Journey planning, including anticipating how things can go wrong, is the only way to minimize the risks in shipping, White stated. Animal transportation is highly regulated, so shippers cannot make any assumptions about what is or is not required, especially when shipping internationally. Animals will experience some stress in transit, but there are too many variables to precisely control it, White said. When animals are shipped using a commercial carrier, the outside of the container and, rarely, even the animals could become microbiologically contaminated. Occasionally animals will become sick or die during or after transit, which may or may not be the result of errors in the shipping process. Complaining about problems does little to help, while working with the transportation provider to collect and analyze the facts can improve future shipments.
Laboratory animals and biological materials of animal origin will continue to need to be transported both within and between countries, said White. In the United States, many agencies and organizations regulate or otherwise influence this activity, including the U.S. Fish & Wildlife Service (FWS), U.S. Centers for Disease Control and Prevention (CDC), DOT, and U.S. Department of Homeland Security (DHS). In other countries, different agencies and rules apply, and sometimes requirements conflict. Species-specific requirements and prohibitions that are unique to individual countries may also exist. Differences may be as simple as the wording on health certificates or the outright prohibition of transport into or through a country of certain species or biological material.

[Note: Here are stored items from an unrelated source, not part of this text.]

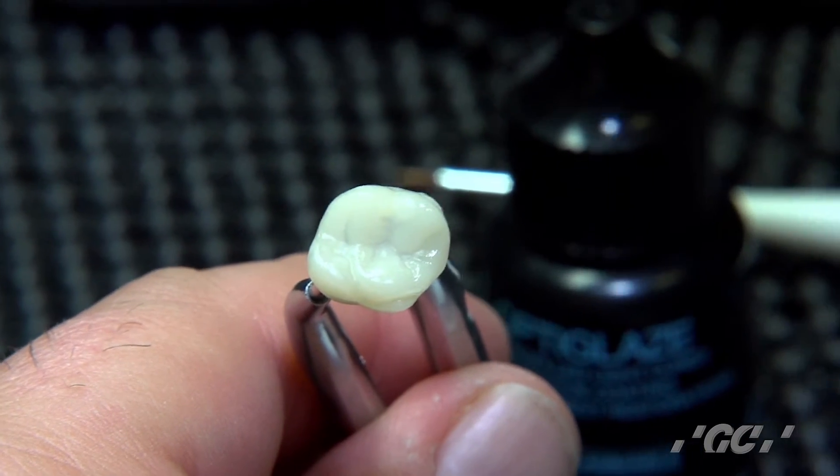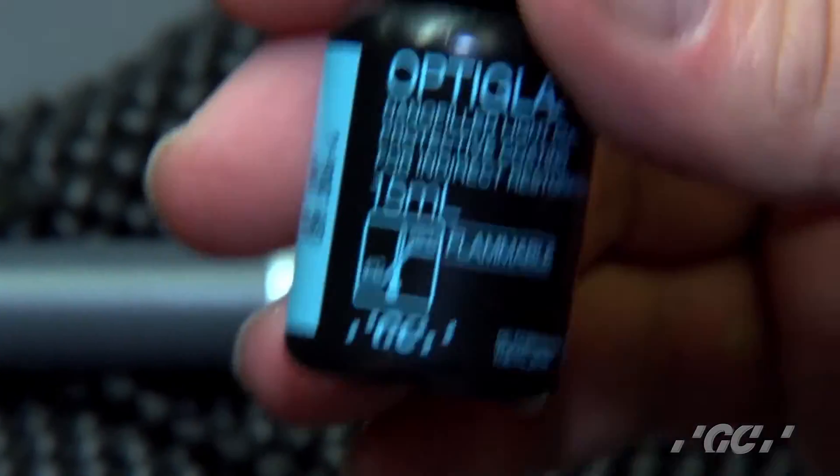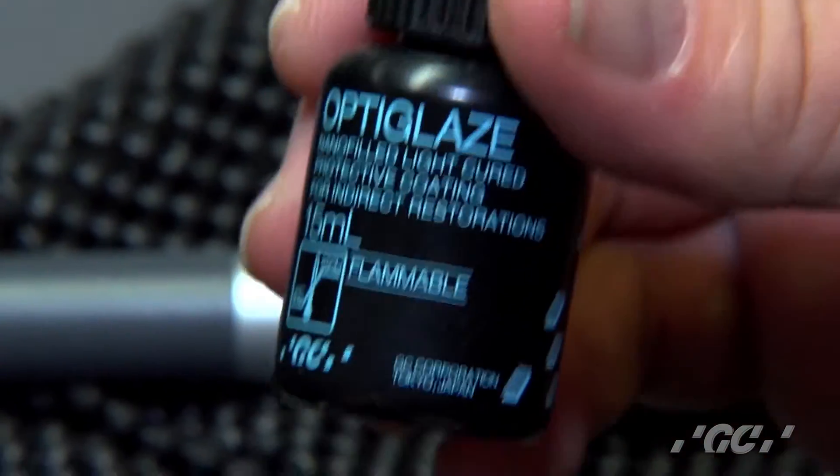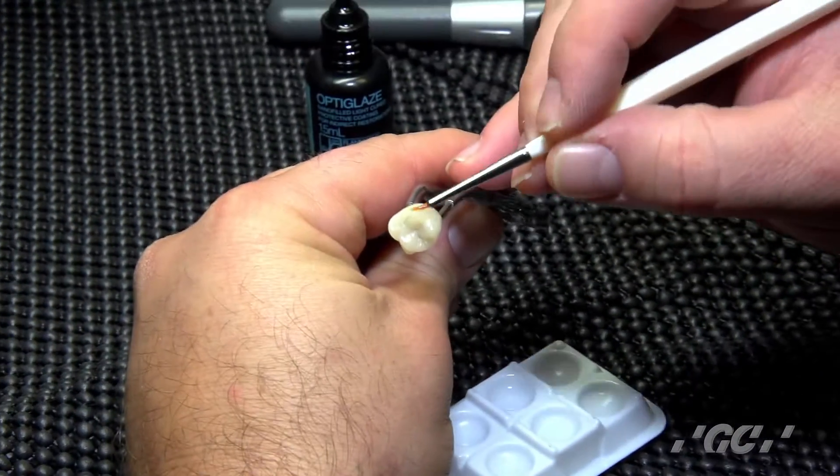After the Ceramic Primer 2 dries, we'll show you how quick and easy it is to use the OptiGlaze itself to get a nice glaze over the surface of the Cerismart restoration. Literally just coat the entire surface with the glaze.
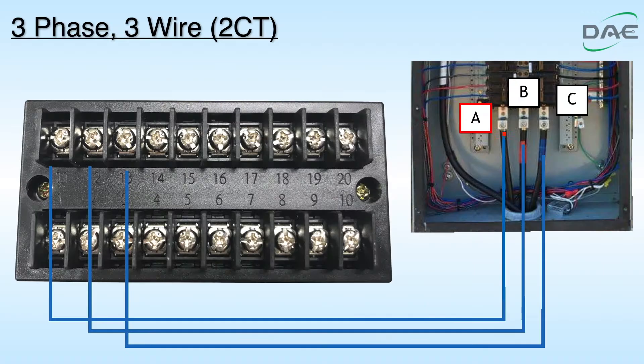Step 1. Connect A of the electric panel to the VA terminal of the meter. Connect B to VB. Connect C to VC. Connect VB to VN.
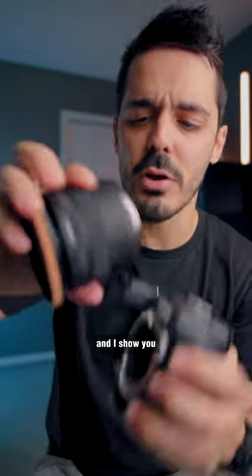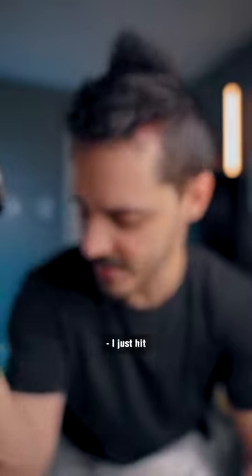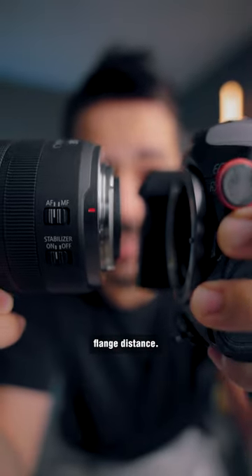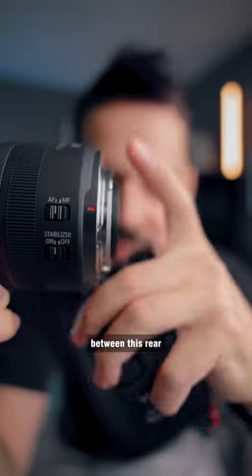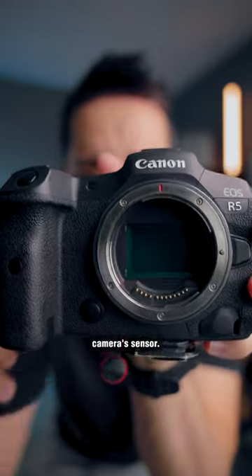If I take this off and show you, there's something known as flange distance. Mirrorless cameras have a much shorter flange distance — that's the distance between the rear flange of the lens and the camera's sensor.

In response to adverse transportation events, pressure from nongovernmental organizations, and a better understanding of animal needs and improved transportation practices, new regulations are continuously developed, which adds additional complexity to an already elaborate process, White noted. Increasing documentation, licensing, certification, and inspection requirements have added to the cost and time required for each shipment, which can be compounded by inconsistent interpretation of the requirements.
The bottom line, concluded White, is that transportation options for laboratory animals are diminishing. “There is a point at which some players chose to exit the scene,” he said. “It is not personal. It is just business. It is cost. It is time. It is inconsistent interpretation of the requirements. It is increasing liability.”
Factors influencing the health of animals during transportation and practical issues affecting the safety and well-being of animals in transit apply to all forms of transportation (Chapter 4). Individual species also have particular requirements, guidelines, and needs (Chapter 5).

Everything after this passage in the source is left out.